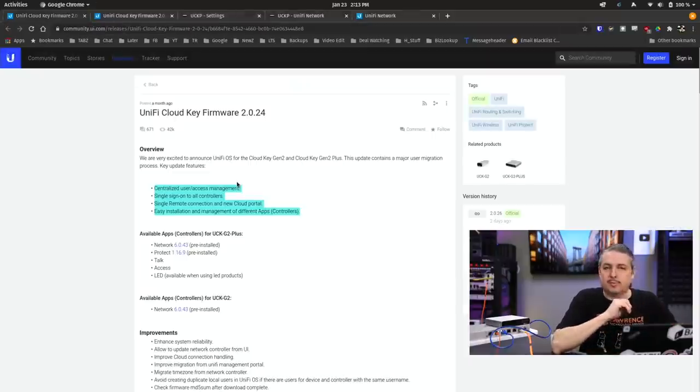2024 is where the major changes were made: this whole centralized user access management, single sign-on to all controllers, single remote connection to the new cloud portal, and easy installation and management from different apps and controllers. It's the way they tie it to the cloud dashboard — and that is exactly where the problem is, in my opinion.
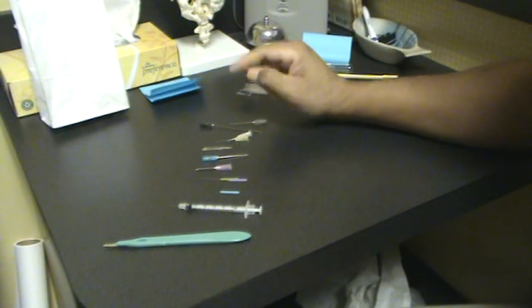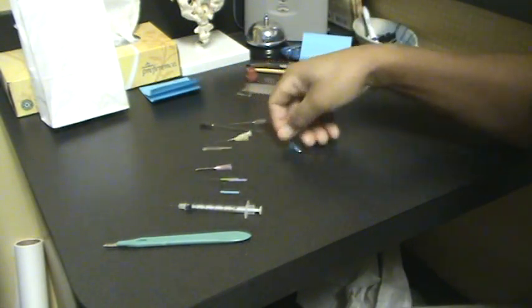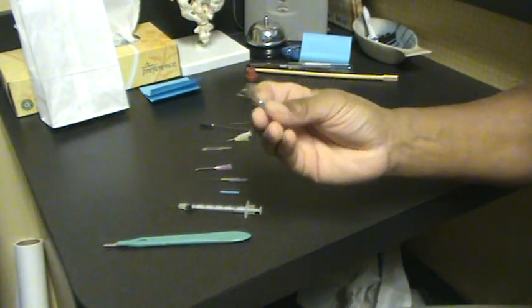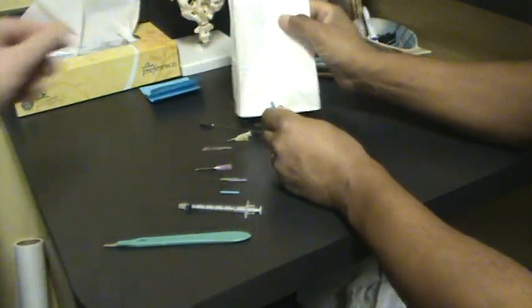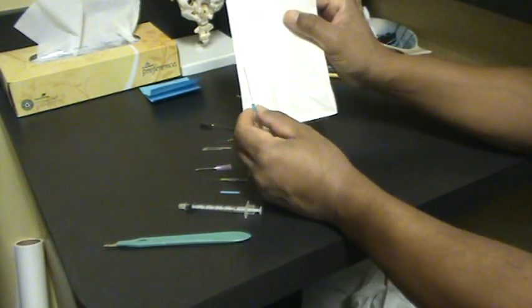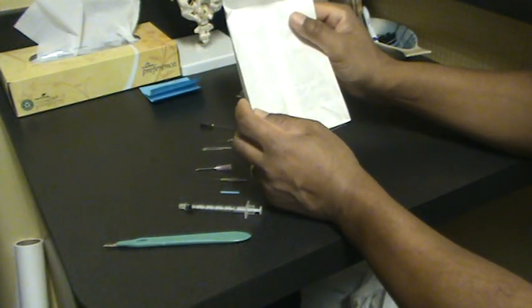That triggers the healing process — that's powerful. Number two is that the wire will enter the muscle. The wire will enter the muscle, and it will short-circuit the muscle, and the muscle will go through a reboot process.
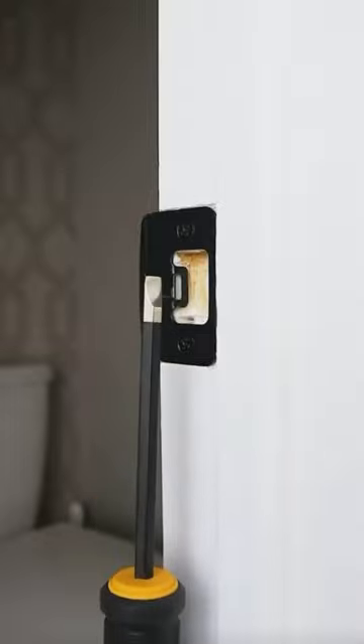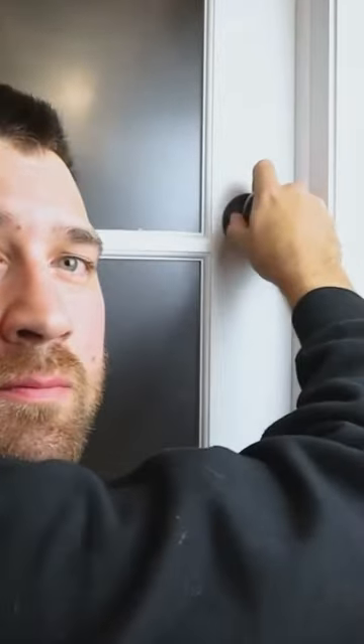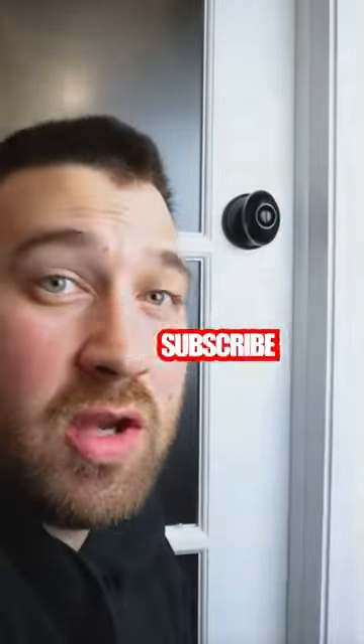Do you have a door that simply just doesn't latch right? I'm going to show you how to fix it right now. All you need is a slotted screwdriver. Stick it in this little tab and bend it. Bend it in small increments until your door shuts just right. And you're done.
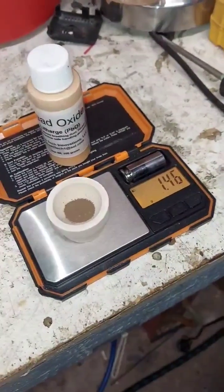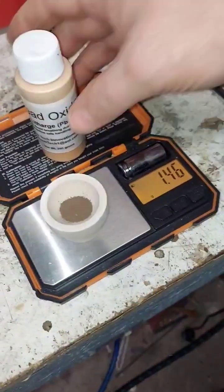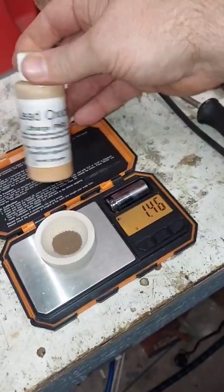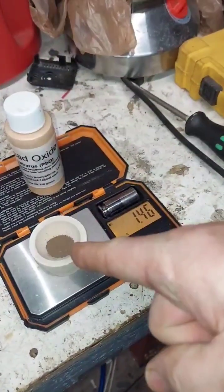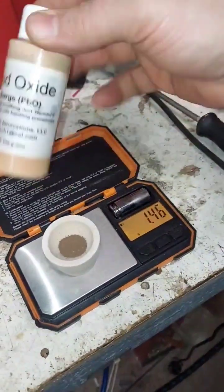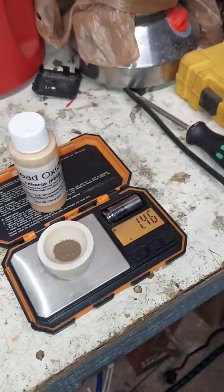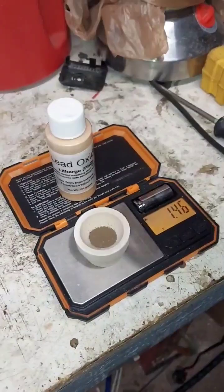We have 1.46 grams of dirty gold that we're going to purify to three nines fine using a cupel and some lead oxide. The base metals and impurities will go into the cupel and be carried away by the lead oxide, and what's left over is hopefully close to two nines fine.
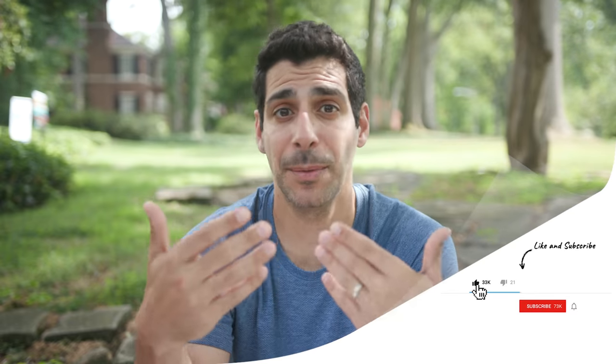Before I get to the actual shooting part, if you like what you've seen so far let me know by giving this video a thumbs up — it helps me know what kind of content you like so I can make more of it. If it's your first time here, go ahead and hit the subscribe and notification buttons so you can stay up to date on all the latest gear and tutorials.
▬▬▬▬▬▬▬▬▬▬
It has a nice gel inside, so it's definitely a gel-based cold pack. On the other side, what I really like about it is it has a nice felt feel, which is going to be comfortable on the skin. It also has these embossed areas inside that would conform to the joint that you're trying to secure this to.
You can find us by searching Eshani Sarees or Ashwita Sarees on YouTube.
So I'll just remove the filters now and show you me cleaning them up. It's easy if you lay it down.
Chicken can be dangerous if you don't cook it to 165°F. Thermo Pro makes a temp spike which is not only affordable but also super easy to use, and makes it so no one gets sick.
▬▬▬▬▬▬▬▬▬▬
# Task prompt
Start at the line containing "2024 is where" above and stop at the line containing "Before I get". Output those lines exactly, both included, but none of the pictures.

# Response box
2024 is where the major changes were made: this whole centralized user access management, single sign-on to all controllers, single remote connection to the new cloud portal, and easy installation and management from different apps and controllers. It's the way they tie it to the cloud dashboard — and that is exactly where the problem is, in my opinion.
That triggers the healing process — that's powerful. Number two is that the wire will enter the muscle. The wire will enter the muscle, and it will short-circuit the muscle, and the muscle will go through a reboot process.
Do you have a door that simply just doesn't latch right? I'm going to show you how to fix it right now. All you need is a slotted screwdriver. Stick it in this little tab and bend it. Bend it in small increments until your door shuts just right. And you're done.
We have 1.46 grams of dirty gold that we're going to purify to three nines fine using a cupel and some lead oxide. The base metals and impurities will go into the cupel and be carried away by the lead oxide, and what's left over is hopefully close to two nines fine.
Before I get to the actual shooting part, if you like what you've seen so far let me know by giving this video a thumbs up — it helps me know what kind of content you like so I can make more of it. If it's your first time here, go ahead and hit the subscribe and notification buttons so you can stay up to date on all the latest gear and tutorials.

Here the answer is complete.